* GOAL OF THE EXERCISE
Restate the data below word for word, omitting pictures.

Caption-style text data:
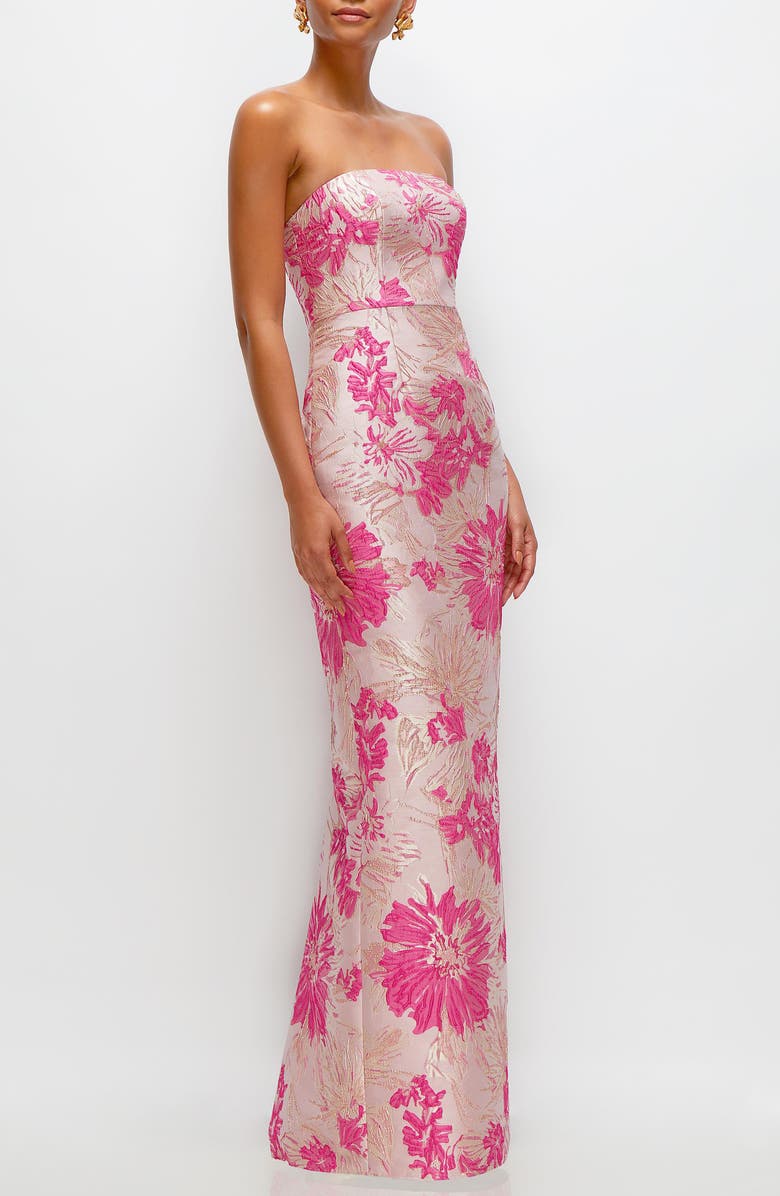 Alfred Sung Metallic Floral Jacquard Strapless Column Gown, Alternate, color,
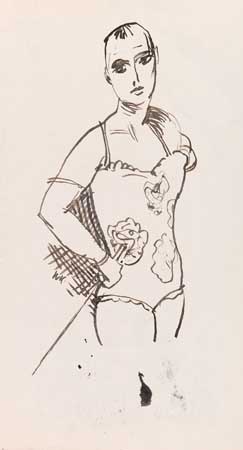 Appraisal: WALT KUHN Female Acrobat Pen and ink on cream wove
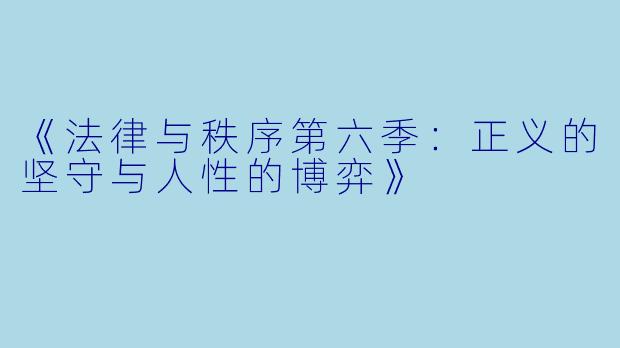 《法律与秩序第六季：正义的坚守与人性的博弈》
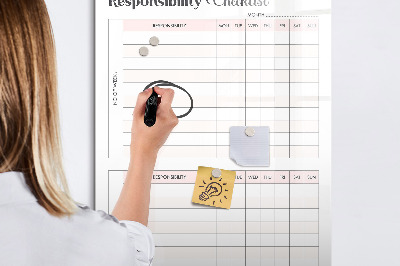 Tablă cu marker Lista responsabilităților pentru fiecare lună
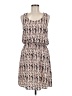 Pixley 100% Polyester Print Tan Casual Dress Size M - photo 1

* ANSWER SECTION
 Alfred Sung Metallic Floral Jacquard Strapless Column Gown, Alternate, color,
 Appraisal: WALT KUHN Female Acrobat Pen and ink on cream wove
 《法律与秩序第六季：正义的坚守与人性的博弈》
 Tablă cu marker Lista responsabilităților pentru fiecare lună
 Pixley 100% Polyester Print Tan Casual Dress Size M - photo 1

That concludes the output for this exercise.